Also, I find the different ambient light sensing positions to be of negligible difference in some scenarios, while other scenarios making one or the other highly undesirable.

Depending on availability, you can sometimes order a different color (whole remote, just the top, or just the outline of the top bezel) when ordering from TiVo's website. The default was black, while all others seemed to be a "while in stock" option.


----------



## aaronwt (Jan 31, 2002)

wkearney99 said:


> ...........................
> 
> WHAT THE F*CK IS UP WITH MOVING THE DAMNED GUIDE BUTTON?! Who thought THAT was good idea?
> 
> ...................


The guide button is now in a more prominent and logical place than it was before. Although for me, since I like all my remotes to match, I needed to replace all my Slide remotes with Slide Pro remotes so the Guide button would be in the same location. Otherwise I would be pressing the wrong button. I have no issues now that the guide button is in the same place on all my TiVo remotes. The new location of the guide button is a much better place than previously.


----------



## alarson83 (Oct 27, 2009)

aaronwt said:


> The guide button is now in a more prominent and logical place than it was before. Although for me, since I like all my remotes to match, I needed to replace all my Slide remotes with Slide Pro remotes so the Guide button would be in the same location. Otherwise I would be pressing the wrong button. I have no issues now that the guide button is in the same place on all my TiVo remotes. The new location of the guide button is a much better place than previously.

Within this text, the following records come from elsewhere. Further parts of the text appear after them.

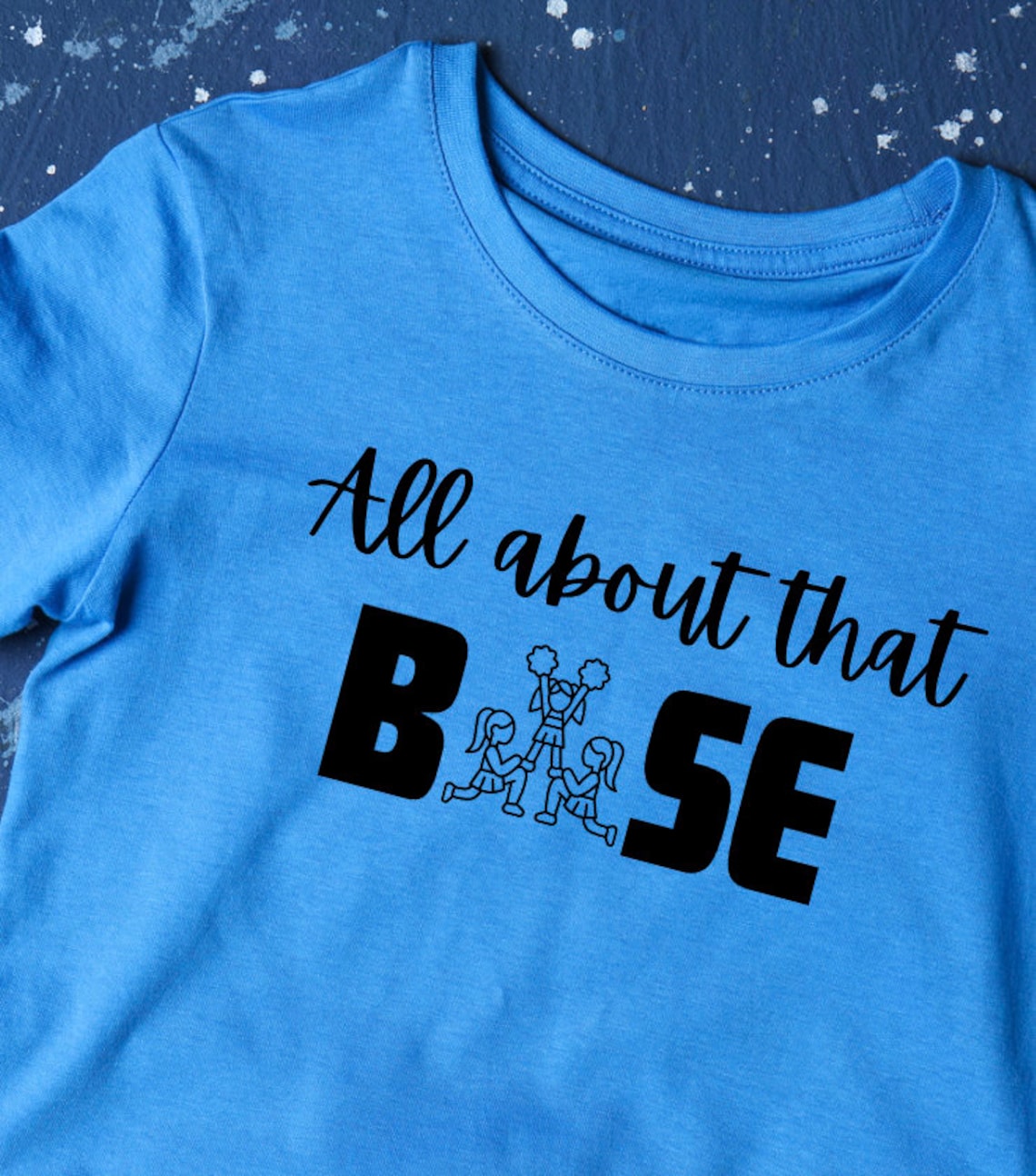 Cheerleader Base Svg | Cheer Shirt Svg | Cheerleader Tshirt | Cheer ...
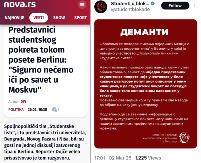 HAOS MEĐU BLOKADERIMA: Optužili Novu S za laži i obmanu javnosti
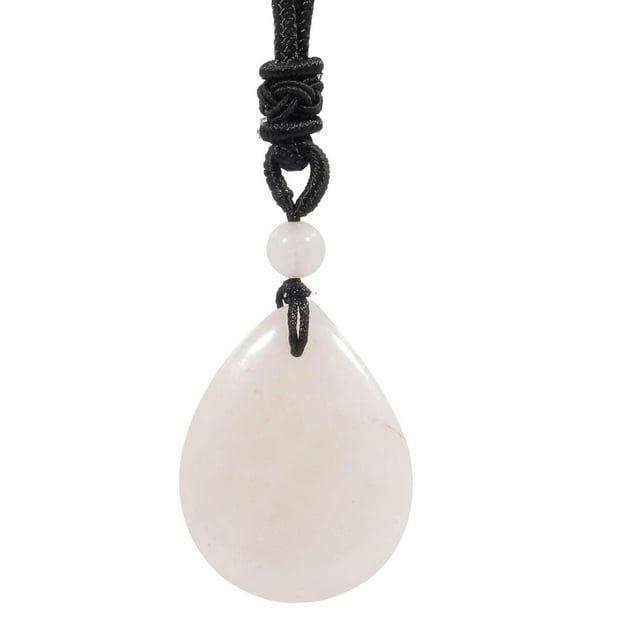 lionlar Pendentif Pierre Collier Bijoux Faits à la Main Accessoires Femmes Hommes Réglable Rose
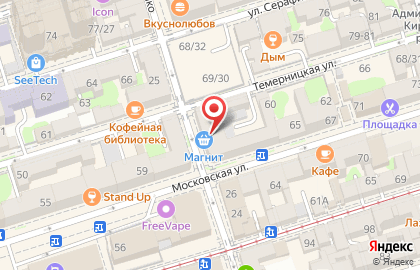 Аграф на Темерницкой улице на карте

So you're the reason theyre sold out.

Id love to add a slide pro to my roamio since i used a slide on my premiere.

Any idea if the dongle that comes with the slide pro - premiere package could be used on a Mini so i could use my stock Roamio remote with my mini?


----------



## shadoh (Jul 29, 2004)

nooneuknow said:


> There are three Premium Glo variants that I have had:
> 
> 1. Original 4xAAA battery with soft buttons, 1-2 switch, colored ACBD buttons, and bump on 5 button...


I don't think I completely agree with your list. I have the original 4xAAA style (ilke this one) which has the 1-2 switch, but no colored ABCD buttons. That was my earlier point, that I'm not aware of the existance of any TiVo-branded remotes that have both the 1-2 switch and the colored ABCD buttons. It seems to be one or the other, as far as I can tell from exhaustive Google searches.


----------



## Rob_W (Jan 30, 2014)

alarson83 said:


> So you're the reason theyre sold out.
> 
> Id love to add a slide pro to my roamio since i used a slide on my premiere.
> 
> Any idea if the dongle that comes with the slide pro - premiere package could be used on a Mini so i could use my stock Roamio remote with my mini?


I spoke with Tivo about that and they said it will work with the mini


----------



## aaronwt (Jan 31, 2002)

alarson83 said:


> So you're the reason theyre sold out.
> 
> Id love to add a slide pro to my roamio since i used a slide on my premiere.
> 
> Any idea if the dongle that comes with the slide pro - premiere package could be used on a Mini so i could use my stock Roamio remote with my mini?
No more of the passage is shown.